The problem
In the entries that follow, the line with "Mech Style Titanium" opens the range and the line with "Cardigan knitted oversize long blue melange" closes it; repeat that range exactly, both lines included.

Records from a data source
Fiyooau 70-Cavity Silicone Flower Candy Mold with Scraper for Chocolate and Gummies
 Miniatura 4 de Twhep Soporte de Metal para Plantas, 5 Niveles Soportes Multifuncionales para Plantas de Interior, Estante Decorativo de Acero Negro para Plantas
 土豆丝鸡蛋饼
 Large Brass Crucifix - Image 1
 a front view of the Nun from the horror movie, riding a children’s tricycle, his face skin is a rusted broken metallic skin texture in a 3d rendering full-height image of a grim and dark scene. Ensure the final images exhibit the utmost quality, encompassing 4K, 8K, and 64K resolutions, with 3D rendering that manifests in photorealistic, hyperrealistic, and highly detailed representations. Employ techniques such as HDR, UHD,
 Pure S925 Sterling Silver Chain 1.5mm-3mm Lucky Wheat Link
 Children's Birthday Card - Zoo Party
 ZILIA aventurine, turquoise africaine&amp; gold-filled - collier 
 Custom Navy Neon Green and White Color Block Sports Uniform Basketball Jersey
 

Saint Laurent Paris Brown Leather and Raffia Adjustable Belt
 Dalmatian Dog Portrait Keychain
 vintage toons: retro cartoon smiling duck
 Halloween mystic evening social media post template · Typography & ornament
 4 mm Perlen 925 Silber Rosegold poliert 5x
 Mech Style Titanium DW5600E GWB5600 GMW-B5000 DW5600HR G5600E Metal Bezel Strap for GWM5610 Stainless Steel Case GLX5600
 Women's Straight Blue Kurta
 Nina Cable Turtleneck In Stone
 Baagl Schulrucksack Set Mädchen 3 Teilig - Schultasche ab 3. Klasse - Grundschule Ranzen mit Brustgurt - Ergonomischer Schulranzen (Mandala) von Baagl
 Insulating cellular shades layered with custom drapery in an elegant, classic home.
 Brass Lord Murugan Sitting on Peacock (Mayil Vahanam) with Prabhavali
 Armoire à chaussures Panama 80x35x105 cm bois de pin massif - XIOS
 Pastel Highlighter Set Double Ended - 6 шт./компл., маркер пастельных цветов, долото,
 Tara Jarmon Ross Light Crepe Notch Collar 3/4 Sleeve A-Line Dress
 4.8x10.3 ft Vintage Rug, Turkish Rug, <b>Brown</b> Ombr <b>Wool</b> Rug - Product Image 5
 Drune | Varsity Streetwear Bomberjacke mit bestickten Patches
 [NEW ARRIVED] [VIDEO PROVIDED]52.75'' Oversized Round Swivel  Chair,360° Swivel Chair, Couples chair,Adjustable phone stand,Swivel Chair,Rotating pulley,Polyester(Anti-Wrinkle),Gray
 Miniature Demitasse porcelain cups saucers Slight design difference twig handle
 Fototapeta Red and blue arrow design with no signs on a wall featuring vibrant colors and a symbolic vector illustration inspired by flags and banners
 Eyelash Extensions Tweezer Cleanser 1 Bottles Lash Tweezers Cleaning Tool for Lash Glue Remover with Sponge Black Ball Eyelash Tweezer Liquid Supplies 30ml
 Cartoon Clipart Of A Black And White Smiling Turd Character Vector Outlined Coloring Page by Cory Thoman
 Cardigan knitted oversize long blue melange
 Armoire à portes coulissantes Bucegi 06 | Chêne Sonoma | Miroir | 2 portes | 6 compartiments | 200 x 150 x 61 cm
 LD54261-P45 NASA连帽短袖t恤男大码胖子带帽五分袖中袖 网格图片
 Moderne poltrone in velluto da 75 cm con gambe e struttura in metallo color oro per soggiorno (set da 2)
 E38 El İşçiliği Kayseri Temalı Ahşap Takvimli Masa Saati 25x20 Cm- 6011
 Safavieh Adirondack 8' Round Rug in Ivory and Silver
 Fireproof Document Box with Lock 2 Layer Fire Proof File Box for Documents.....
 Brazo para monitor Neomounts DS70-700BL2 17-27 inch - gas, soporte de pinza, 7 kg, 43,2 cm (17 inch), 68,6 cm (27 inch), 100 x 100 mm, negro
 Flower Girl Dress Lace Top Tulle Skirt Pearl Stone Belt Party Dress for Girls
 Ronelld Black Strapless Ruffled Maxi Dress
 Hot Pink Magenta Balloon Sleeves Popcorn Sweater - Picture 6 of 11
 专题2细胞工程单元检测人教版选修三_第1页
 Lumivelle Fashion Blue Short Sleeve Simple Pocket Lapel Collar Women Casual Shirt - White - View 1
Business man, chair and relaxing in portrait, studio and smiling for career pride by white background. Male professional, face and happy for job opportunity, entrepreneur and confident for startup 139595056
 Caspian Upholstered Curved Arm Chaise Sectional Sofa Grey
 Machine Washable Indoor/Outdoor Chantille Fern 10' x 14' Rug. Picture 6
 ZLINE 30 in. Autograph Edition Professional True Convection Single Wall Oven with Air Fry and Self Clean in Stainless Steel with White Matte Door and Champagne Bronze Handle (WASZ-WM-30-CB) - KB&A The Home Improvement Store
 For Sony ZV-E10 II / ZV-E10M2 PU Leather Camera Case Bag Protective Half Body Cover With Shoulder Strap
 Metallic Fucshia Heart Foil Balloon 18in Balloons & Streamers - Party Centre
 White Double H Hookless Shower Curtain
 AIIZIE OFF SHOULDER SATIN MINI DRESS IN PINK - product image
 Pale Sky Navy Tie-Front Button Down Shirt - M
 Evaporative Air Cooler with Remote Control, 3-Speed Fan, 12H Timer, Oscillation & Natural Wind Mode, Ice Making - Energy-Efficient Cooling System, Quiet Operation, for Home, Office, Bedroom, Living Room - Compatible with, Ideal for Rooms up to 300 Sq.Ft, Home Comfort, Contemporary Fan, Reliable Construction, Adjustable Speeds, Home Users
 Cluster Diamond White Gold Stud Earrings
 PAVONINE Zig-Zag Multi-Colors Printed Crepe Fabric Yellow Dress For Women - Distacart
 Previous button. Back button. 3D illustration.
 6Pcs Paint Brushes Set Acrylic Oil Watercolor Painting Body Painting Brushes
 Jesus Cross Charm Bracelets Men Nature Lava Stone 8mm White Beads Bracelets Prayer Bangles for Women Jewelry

Solved exercise
 Mech Style Titanium DW5600E GWB5600 GMW-B5000 DW5600HR G5600E Metal Bezel Strap for GWM5610 Stainless Steel Case GLX5600
 Women's Straight Blue Kurta
 Nina Cable Turtleneck In Stone
 Baagl Schulrucksack Set Mädchen 3 Teilig - Schultasche ab 3. Klasse - Grundschule Ranzen mit Brustgurt - Ergonomischer Schulranzen (Mandala) von Baagl
 Insulating cellular shades layered with custom drapery in an elegant, classic home.
 Brass Lord Murugan Sitting on Peacock (Mayil Vahanam) with Prabhavali
 Armoire à chaussures Panama 80x35x105 cm bois de pin massif - XIOS
 Pastel Highlighter Set Double Ended - 6 шт./компл., маркер пастельных цветов, долото,
 Tara Jarmon Ross Light Crepe Notch Collar 3/4 Sleeve A-Line Dress
 4.8x10.3 ft Vintage Rug, Turkish Rug, <b>Brown</b> Ombr <b>Wool</b> Rug - Product Image 5
 Drune | Varsity Streetwear Bomberjacke mit bestickten Patches
 [NEW ARRIVED] [VIDEO PROVIDED]52.75'' Oversized Round Swivel  Chair,360° Swivel Chair, Couples chair,Adjustable phone stand,Swivel Chair,Rotating pulley,Polyester(Anti-Wrinkle),Gray
 Miniature Demitasse porcelain cups saucers Slight design difference twig handle
 Fototapeta Red and blue arrow design with no signs on a wall featuring vibrant colors and a symbolic vector illustration inspired by flags and banners
 Eyelash Extensions Tweezer Cleanser 1 Bottles Lash Tweezers Cleaning Tool for Lash Glue Remover with Sponge Black Ball Eyelash Tweezer Liquid Supplies 30ml
 Cartoon Clipart Of A Black And White Smiling Turd Character Vector Outlined Coloring Page by Cory Thoman
 Cardigan knitted oversize long blue melange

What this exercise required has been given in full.